Von: Golden Seiten Datum: 19.05.2017

goldeneseiten.blogspot.de/

Das Buch führte mich in ein Tiroler Bergdorf mit seinen kauzigen BewohnerInnen. Die Geschichte spielt in zwei Zeitebenen, in den 50er Jahren und heute. Immer wieder werden aber auch Ausflüge in die noch ältere Vergangenheit unternommen und alte Sagen und Mythen zum Leben erweckt.

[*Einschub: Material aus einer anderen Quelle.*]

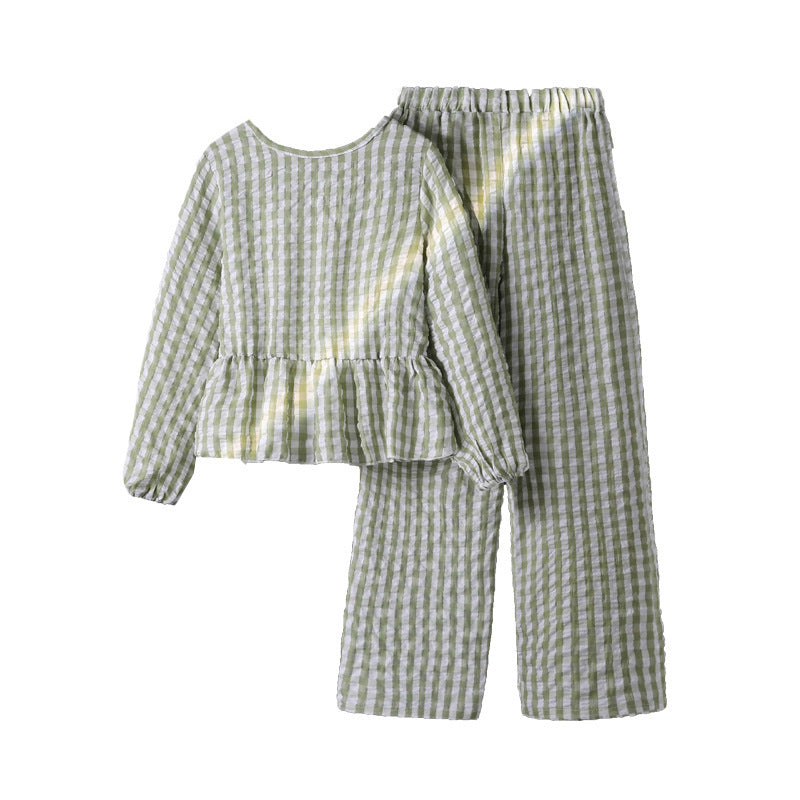 big kids' girls'  autumn new plaid loose-fit ruffle-trim long-sleeve top and wide-leg pants two-piece set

Gerhard Jäger gelingt es mit einer beeindruckenden Sprache ein Bild von diesem Dorf zu erschaffen. Eine geschlossene Welt in sich, mit eigenen Regeln und Gesetzen. Mich hat diese Welt fasziniert, in der man von der Natur und ihrer Gewalt abhängig ist und dies häufiger und unmittelbarer zu spüren bekommt, als wir es hier und heute gewohnt sind.

Durch die Schneemassen, die das Dorf eines Winters ereilen, legt sich eine bedrohliche und angespannte Stimmung über das Bergdorf. Gerhard Jäger beherrscht eine so bildhafte Sprache, dass die Stimmung für mich als Leserin spürbar wurde.

Die Geschichte des Buches ist spannend, zu lesen lohnt es sich jedoch in erster Linie wegen der Sprache des Autors. Ich hatte beim Lesen hin und wieder Gemälde vor Augen, die er mit seinen Worten erschaffen hat.

Ich sehe eine Frau mit einem roten Schultertuch und einem Weidenkorb in der Hand, die in der Dämmerung im Schnee steht. Ich sehe das Vieh im Stall, unruhig mit den Hufen scharrend, die Ohren gespitzt vom Donner der Lawinen. Dieses Buch war für mich eher ein imaginärer Bildband als ein Roman.

Von: Regine Frei aus Bern Datum: 14.10.2016

Buchhandlung: Orell Füssli Thalia AG

Das Hörbuch ist toll. es entwickelt einen unglaublichen Sog - sprachlich und atmosphärisch. Bestimmt werde ich sowohl Buch, als auch Hörbuch auf den Winter hin gut verkaufen können.

Von: Gabriele Maier aus Oberkirch Datum: 26.08.2016

Buchhandlung: Grimmelshausen Buchhandlung

Was für eine Entdeckung! Dieses fast archaische Leben in dem Bergdorf in den 50er Jahren. Und doch vieles wohlbekannt und vertraut. Eine wunderbare Sprache, eindringlich wie der Inhalt selbst. Ein starker Leseeindruck, der bleiben wird.